PROBLEM DESCRIPTION. Without any pictures, copy the records below once more, exactly as they are.

RECORDS PROVIDED.
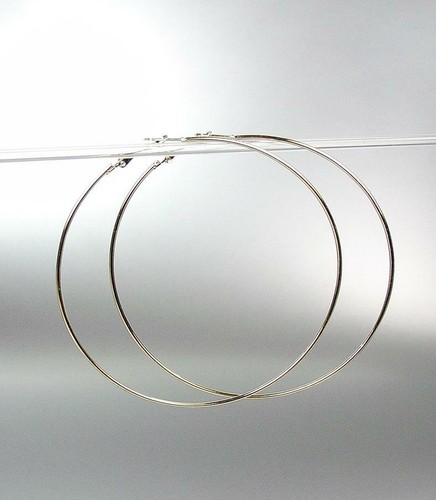 SCHICKE leichte dünne 2,5 mm Gold GROSSE 100 mm 3 3/4" Durchmesser Creolen Ohrstecker - Bild 2 von 3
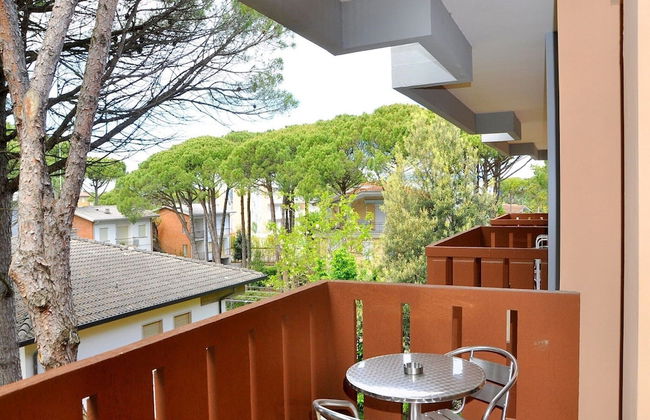 Cozy Flat With Sunlit Balcony Retreat - Beahost - Foto 1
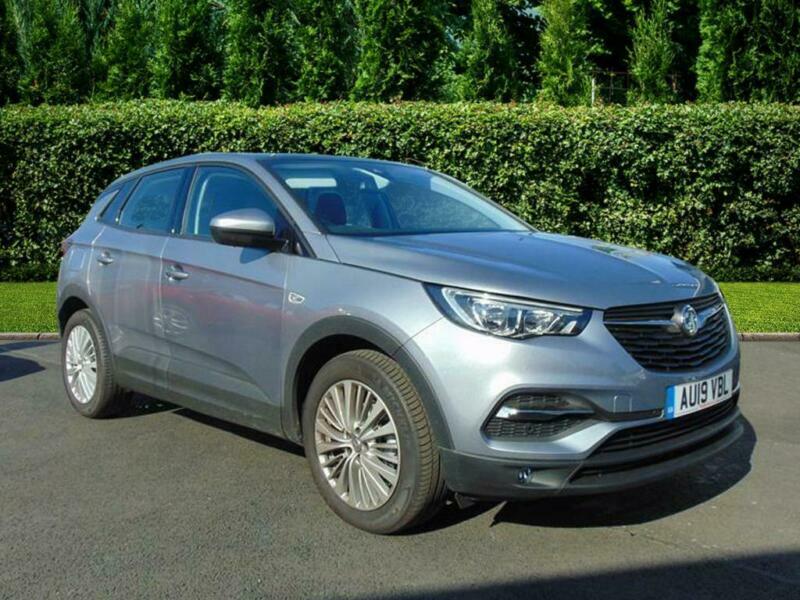 2019 Vauxhall Grandland X X SE 1.2 Turbo (130ps) Petrol grey Manual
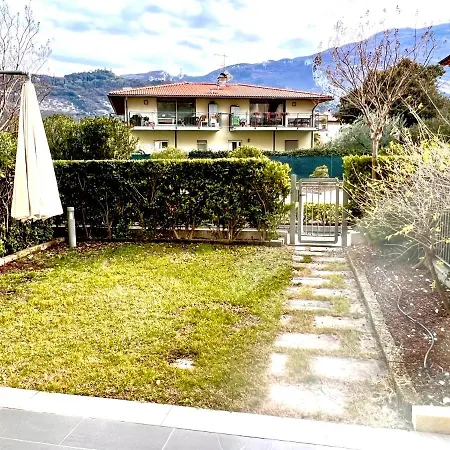 Garden Thermae Torbole Sul Garda Exterior foto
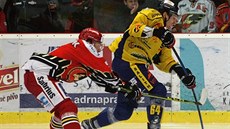 NA DVOU FRONTÁCH. 24letý bek Jan Zdráhal (vpravo) odehrál za mateřské Pardubice... NA DVOU FRONTÁCH. 24letý bek Jan Zdráhal (vpravo) odehrál za mateřské Pardubice...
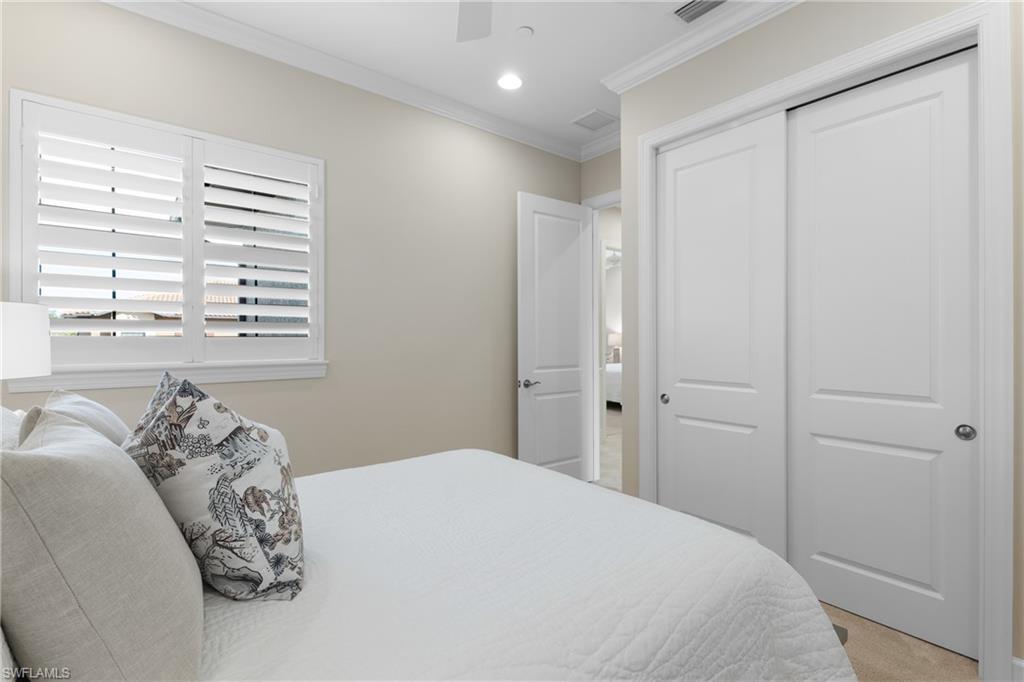 ESPLANADE - Residential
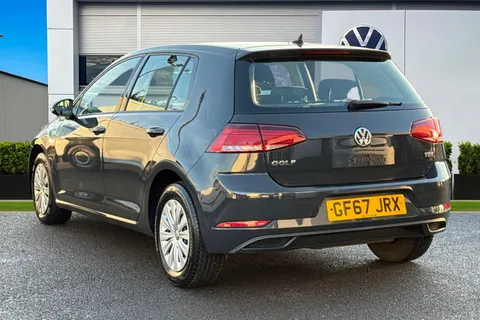 GF67JRX Volkswagen Golf 1.6 TDI S 5dr Thumbnail #3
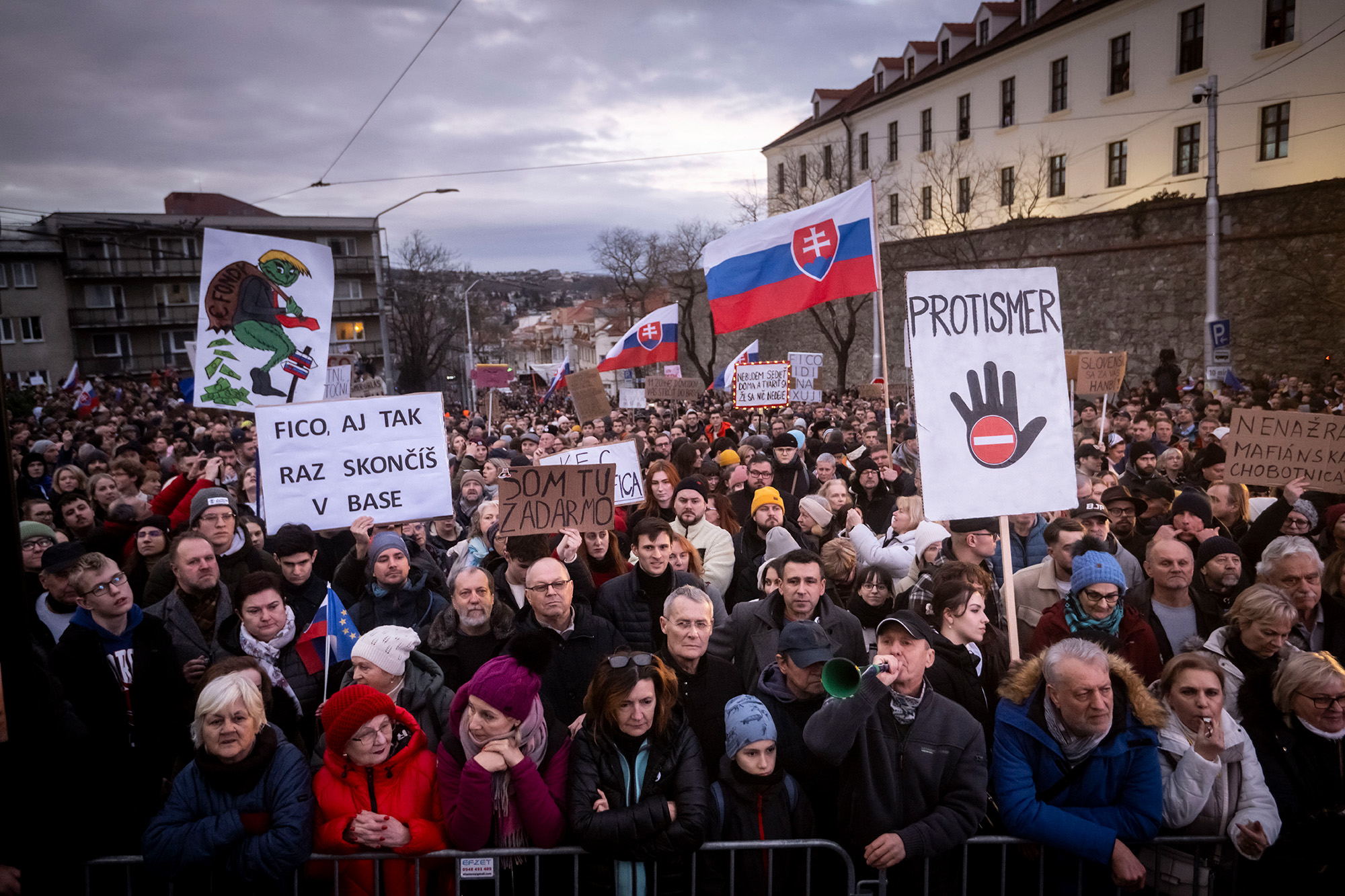 Demonstration in Bratislava gegen geplante Justizreform (Bild: Vladimir Simicek/AFP)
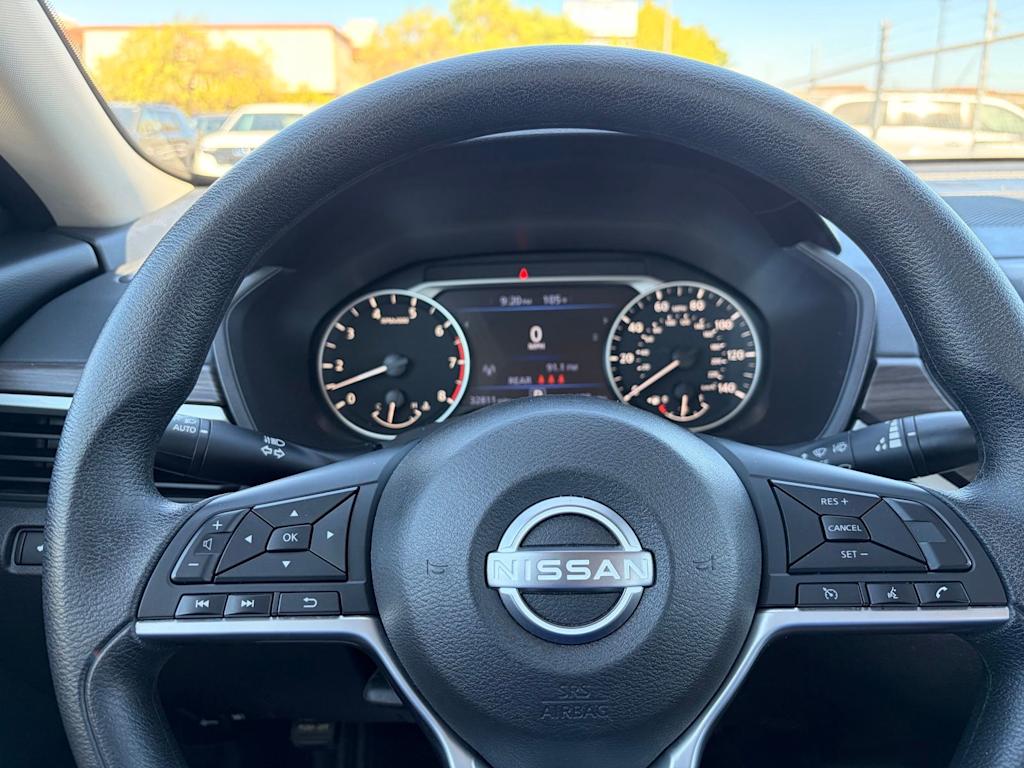 Thumbnail: 2025 Nissan Altima - 11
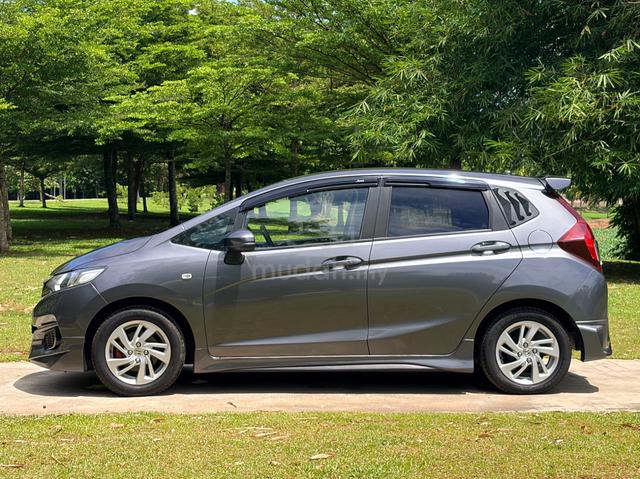 FULL LOAN 2016 Honda JAZZ 1.5 E-SPEC (A) - 3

RESPONSE AREA.
 SCHICKE leichte dünne 2,5 mm Gold GROSSE 100 mm 3 3/4" Durchmesser Creolen Ohrstecker - Bild 2 von 3
 Cozy Flat With Sunlit Balcony Retreat - Beahost - Foto 1
 2019 Vauxhall Grandland X X SE 1.2 Turbo (130ps) Petrol grey Manual
 Garden Thermae Torbole Sul Garda Exterior foto
 NA DVOU FRONTÁCH. 24letý bek Jan Zdráhal (vpravo) odehrál za mateřské Pardubice... NA DVOU FRONTÁCH. 24letý bek Jan Zdráhal (vpravo) odehrál za mateřské Pardubice...
 ESPLANADE - Residential
 GF67JRX Volkswagen Golf 1.6 TDI S 5dr Thumbnail #3
 Demonstration in Bratislava gegen geplante Justizreform (Bild: Vladimir Simicek/AFP)
 Thumbnail: 2025 Nissan Altima - 11
 FULL LOAN 2016 Honda JAZZ 1.5 E-SPEC (A) - 3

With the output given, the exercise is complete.